The Offence of Intent to Murder in New South Wales

by &
Information on this page was reviewed by a specialist defence lawyer before being published. Click to read more.
Castlereagh St Sydney building where the shooter went

A shooting at the offices of a Sydney law firm has led to the arrest of a 79-year old man, who has been charged with intent to murder. 

The man opened fire at the offices of Van Cooney Lawyers on Castlereagh Street in Sydney’s Central Business District, shooting the firm’s 77-year old principal Van Cooney in the groin area. 

The lawyer’s employees bravely intervened and restrained the alleged shooter until the arrival of police. 

It is alleged the assailant was holding a pistol while carrying a bag containing a sawn off M1 carbine semi-automatic rifle. Around 40 police officers attended the scene, effectively shutting down the area.

The alleged gunman has additionally been charged with two counts each of causing danger with a firearm, unauthorised use or possession of a pistol or prohibited firearm and acquiring a pistol while subject to firearms prohibition order.
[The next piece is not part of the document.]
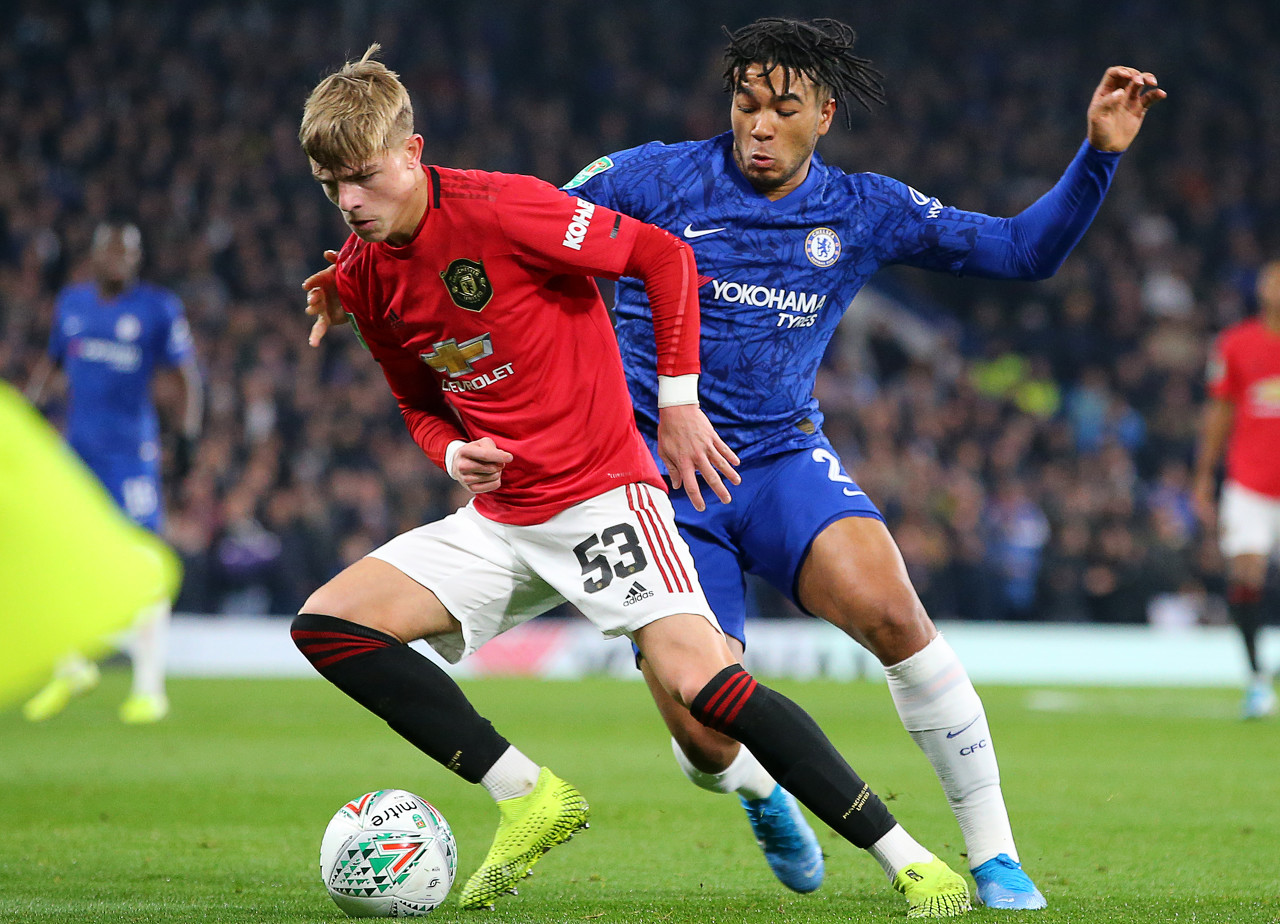 爱游戏- 德罗巴焦点对战，詹姆斯与40激战西班牙队分钟，险胜胜负难料！再创辉煌时刻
He was refused bail in Downing Centre Local Court today.

Police investigations are continuing. 

The offence of intent to murder 

Committing an act upon a person with the intention of murdering them – an offence also known as intent to murder or attempted murder – is a crime contained in section 27 of the Crimes Act 1900 (NSW) which carries a maximum penalty of 25 years in prison.

To establish the offence, the prosecution must prove beyond reasonable doubt that:

  1. You administered poison or any other destructive thing to a person, or you otherwise caused such a substance to be taken by the person, or you wounded or caused grievous bodily harm to a person, and
  1. You intended by doing so to murder the person.

‘Wound’ means to break both layers of the skin being the dermis and epidermis.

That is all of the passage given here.